Resource Description Framework in MapReduce

ali@fuzzywireless.com
Mar 4, 2022
5 min read

Web 3.0

After web 2.0, new generation of web was evolved with read, write and an additional execution capability (Choudhury, 2014). Web 3.0 evolved from information connection stage to connecting knowledge and semantically structuring documents (Algosaibi, Albahli & Melton, 2015). Web content become readable to machines as well with the usage of new languages, standards, technologies and data representation models, like machine process-able graph data model using resource description framework (RDF) or Web Ontology Language (OWL). However locating and extraction of RDF becomes a major performance bottleneck (Cure, Naacke, Randriamalala & Amann, 2015). Resource description framework (RDF) represents data in the machine readable format whereas querying of RDF data is performed using SPARQL (Schätzle, Przyjaciel-Zablocki, Hornung & Lausen, 2014). The scale and size of web, which is already beyond classical single machine capability makes the querying of RDF data set very challenging, especially because SPARQL queries utilize several joins (Schätzle, Przyjaciel-Zablocki, Hornung & Lausen, 2014).

Resource Descriptive Framework (RDF)

W3C (2014) define Resource descriptive framework (RDF) as a data set with three components, namely subject, predicate and object represented as subject has property predicate with value object. Uniform resource identifiers (URI) are unique and global identifiers to represent RDF, for instance URL is a subset of URI (Schätzle, Przyjaciel-Zablocki, Hornung & Lausen, 2014). Figure 1 shows an example of RDF graph representing relationships.

Figure 1: RDF Graph

W3C (2014) has recommended SPARQL as the query language for RDF. SPARQL query is constructed using triple patterns of variables mapped to subject, predicate and object of RDF (Schätzle, Przyjaciel-Zablocki, Hornung & Lausen, 2014).
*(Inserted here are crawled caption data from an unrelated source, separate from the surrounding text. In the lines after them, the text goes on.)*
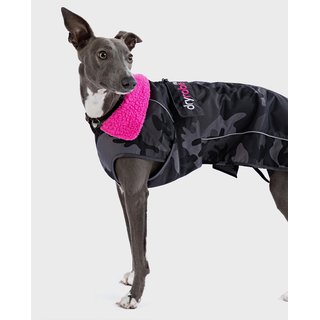DRYROBE Dog Coat Hundemantel SchwarzCamo Pink XXXL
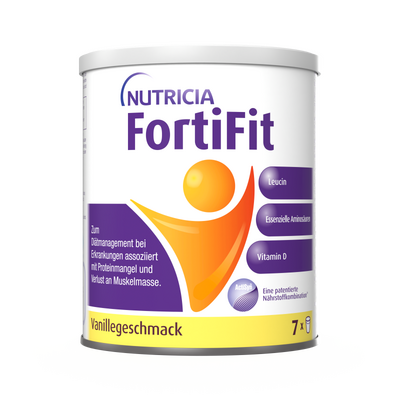 Fortifit 280 g, ukus vanile - prednja strana pakovanja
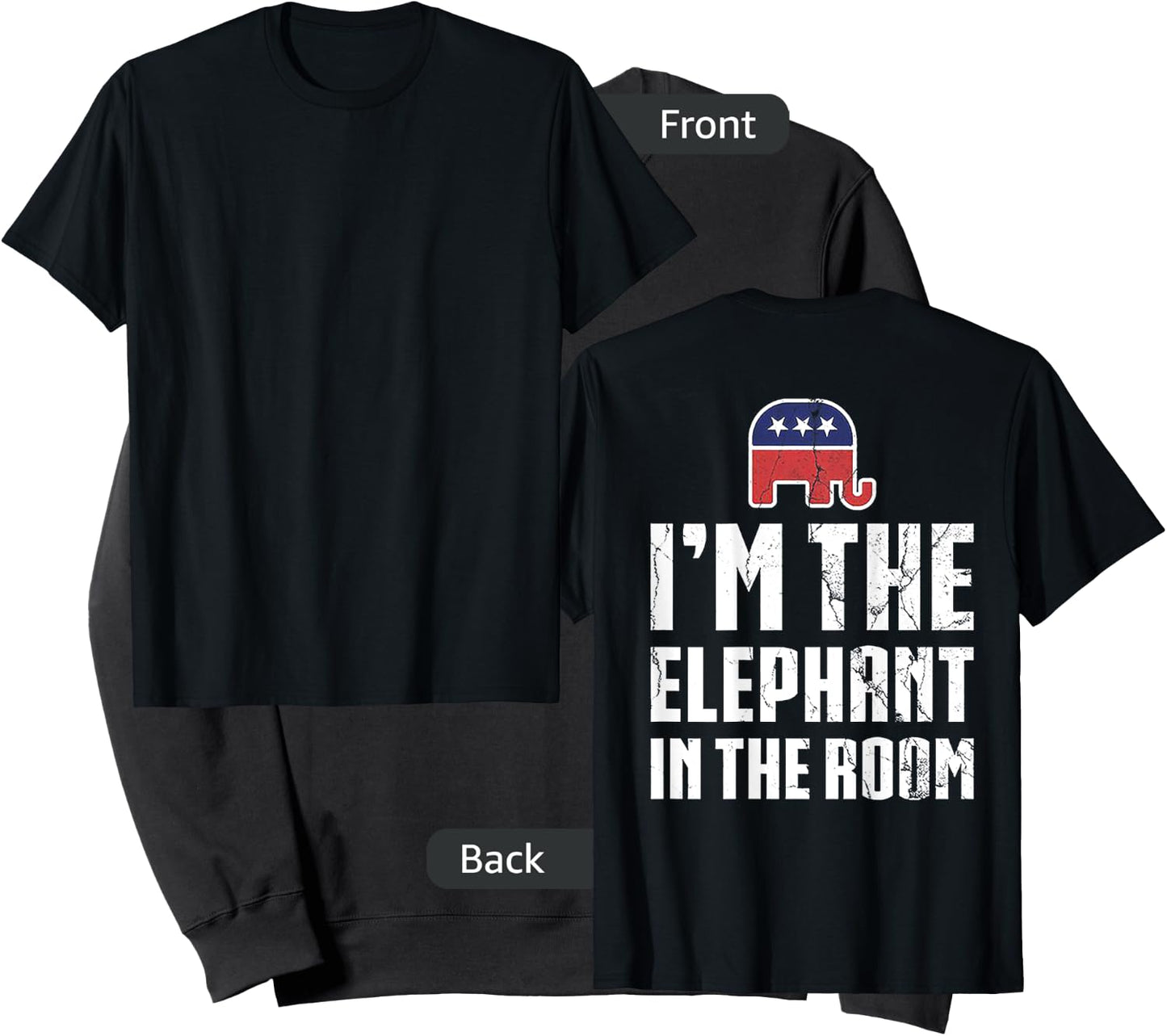 I'm The Elephant In The Room (on back) Sweatshirt - Sweatshirt | Black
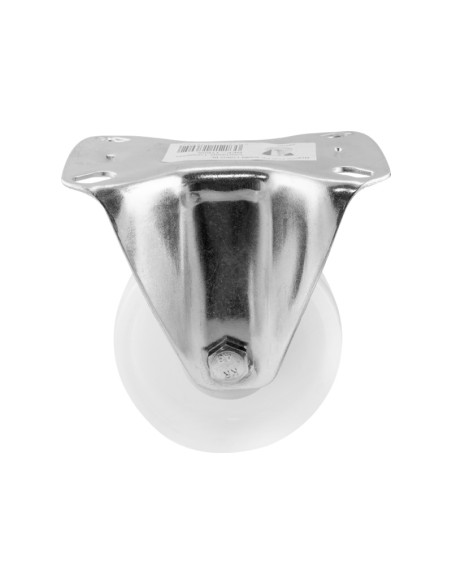 RUEDA FIJA POLIPROPILENO BLANCA - 80 MM / 110 KG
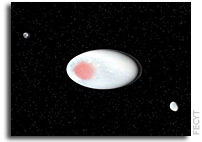 Haumea shines with crystalline ice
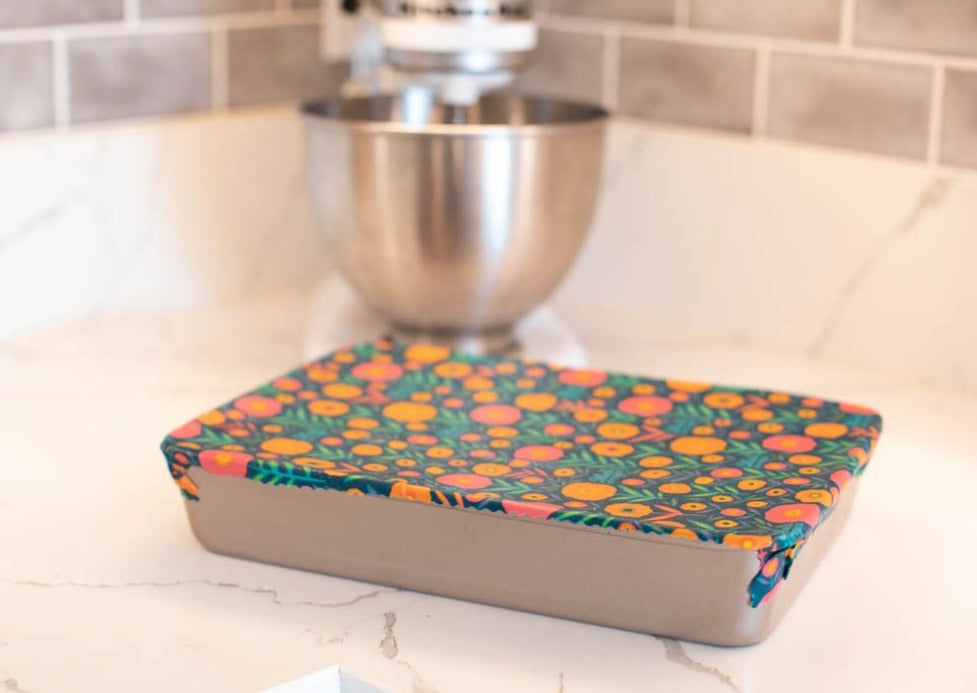 Beeswax Food Wrap - Fall Bloom Print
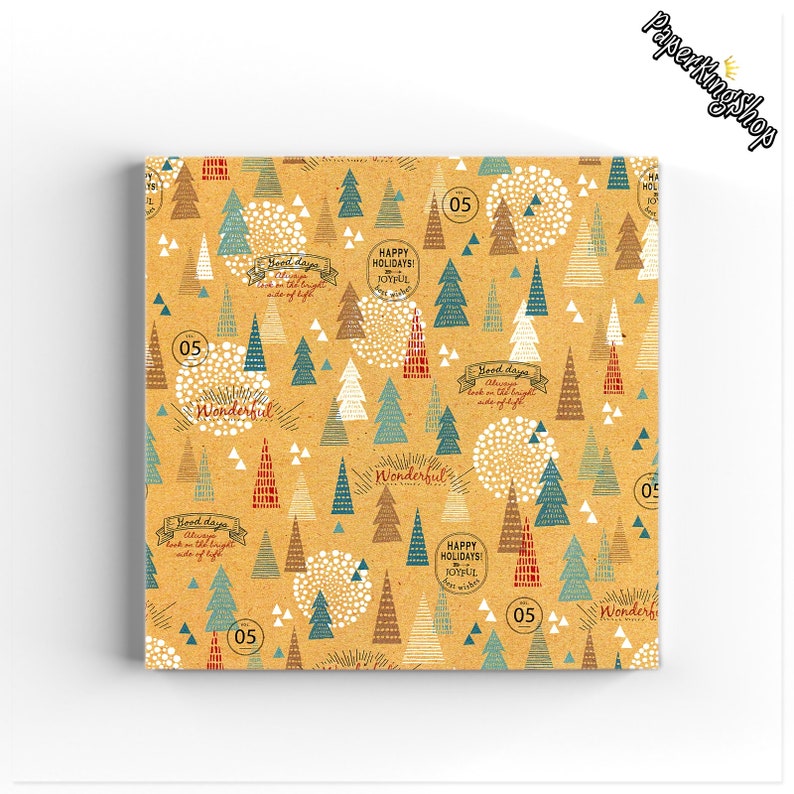 Christmas Origami Paper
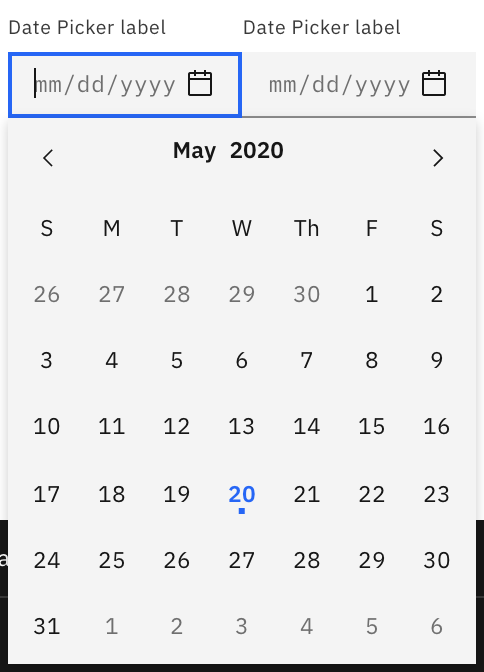 carbon-datepicker-range.png range concept on a Datepicker component in Carbon Design System.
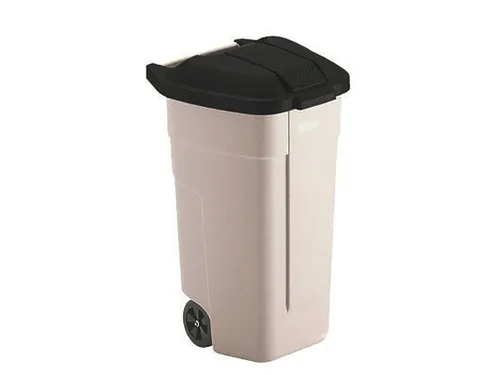 Mobiele container 100 Liter Beige Zwart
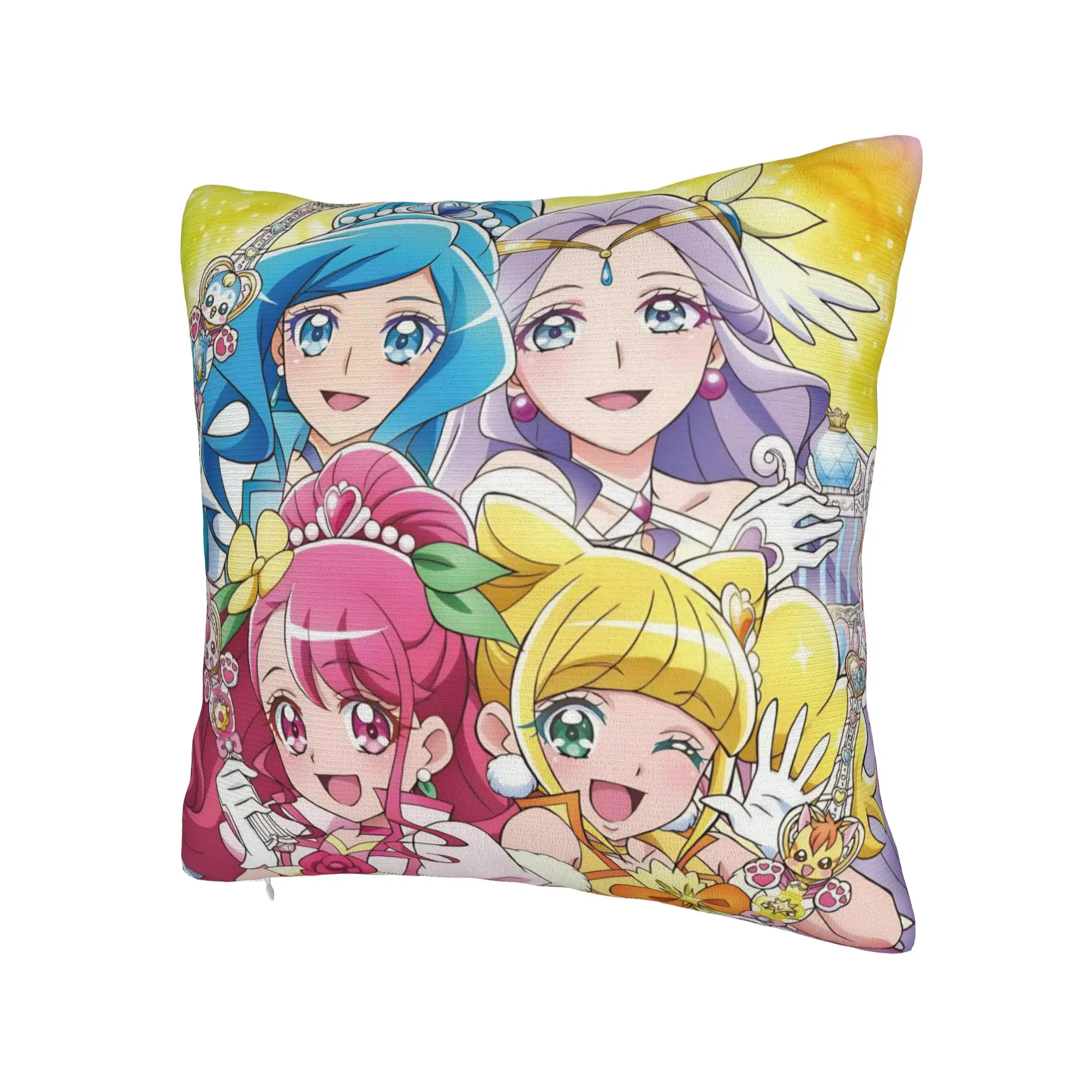 Soaring Sky Pretty Cure Pillowcase Accessories Printing Cushion Cover Decorative  Pillow Case Cover Home Multi Size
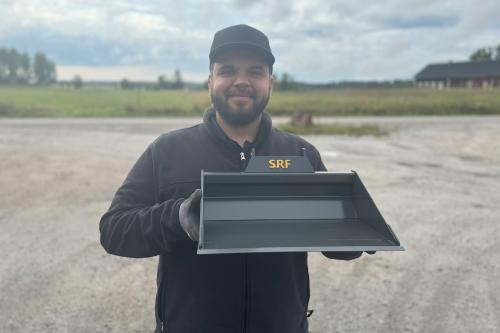 Planeringsskopa mini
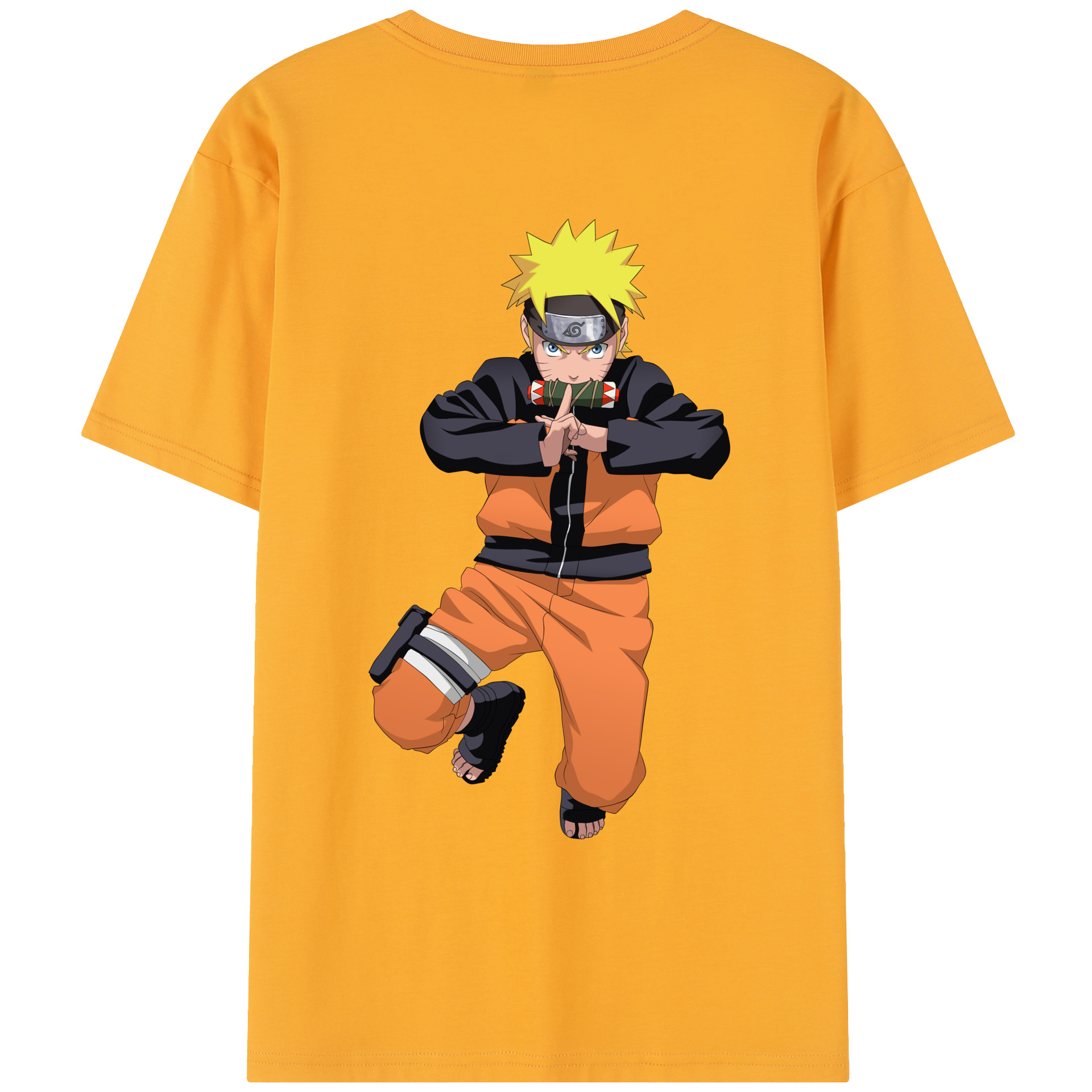 （画像用） NARUTO -ナルト- うずまき ナルト Uzumaki Naruto レディース半袖Tシャツ(バックプリント)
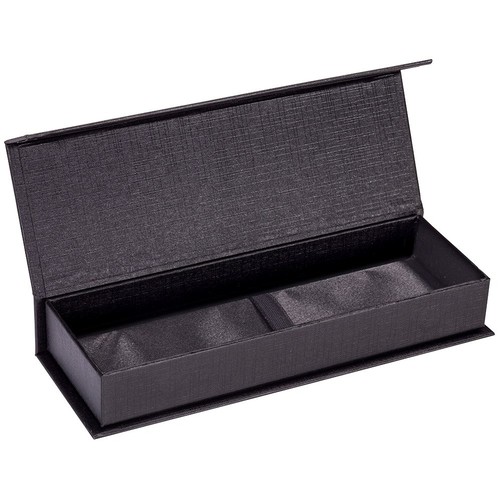 BLACK BOX WITH FLAP FOR 1 PEN- NO PEN
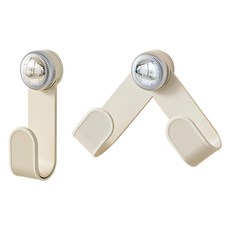 Khohimo 多用途吸盤式鍋蓋架 5W0036, 2個, 象牙白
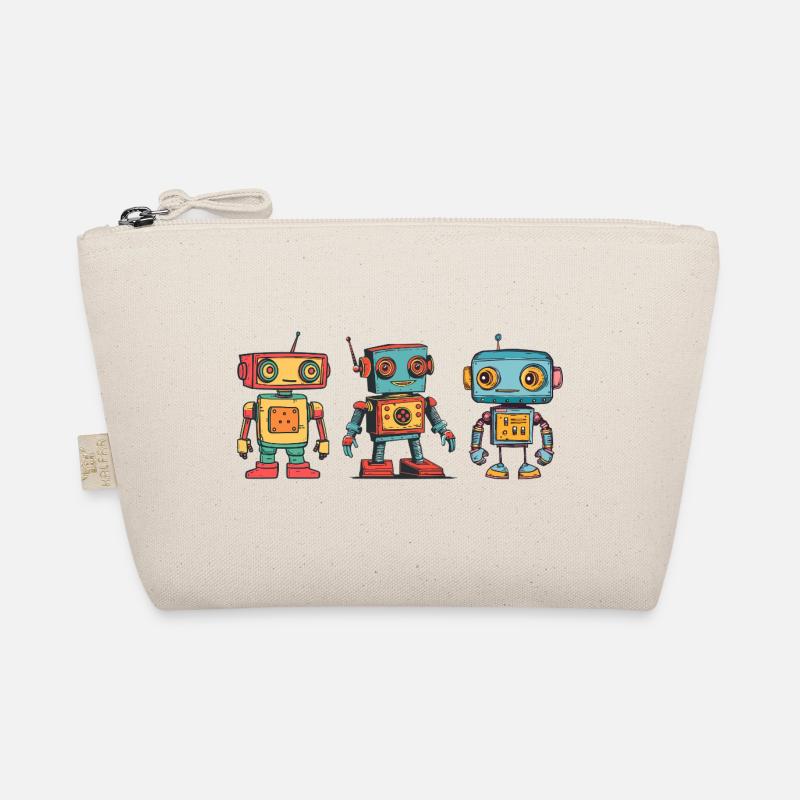 Illustration de robot rétro nostalgique Trousse biologique
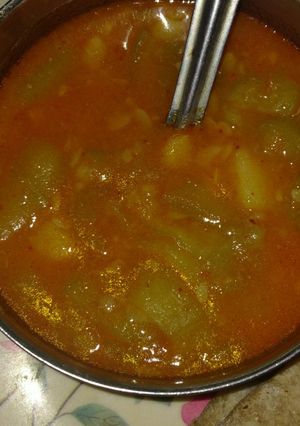 A picture of Lauki aloo ki sabji.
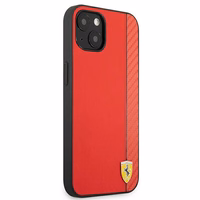 Ferrari FESAXHCP13SRE iPhone 13 mini 5.4" sarkans/sarkans cietais apvalks On Track Carbon Stripe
The patterns of triple related with each other using logical AND are referred as Basic Graph Pattern (BGP). Figure 2 presents an example of SPARQL query for the RDF in Figure 1.

SELECT *

WHERE { ?person knows Walter

?person age ?age}

OPTIONAL {?person Email ?Email}

FILTER {?age >=8}

Figure 2 Sample SPARQL Query

Above SPARQL query will return nothing because although John knows Walter and aged greater than 8 but does not have an email address.

MapReduce

The basic architecture of MapReduce offer simple and powerful programming model on large clusters of commodity machines for scalable parallel applications to process large volume of data sets (Sakr, Liu & Fayoumi, 2014). Key advantage from this implementation is fault tolerance, low hardware cost, scalability, and highly parallel architecture. The term MapReduce is consisted of two different processes, namely Map and Reduce, where Map process converts input data into tuples of key/value pairs while reduce process converts these tuples into smaller set of tuples after combining (IBM, 2018).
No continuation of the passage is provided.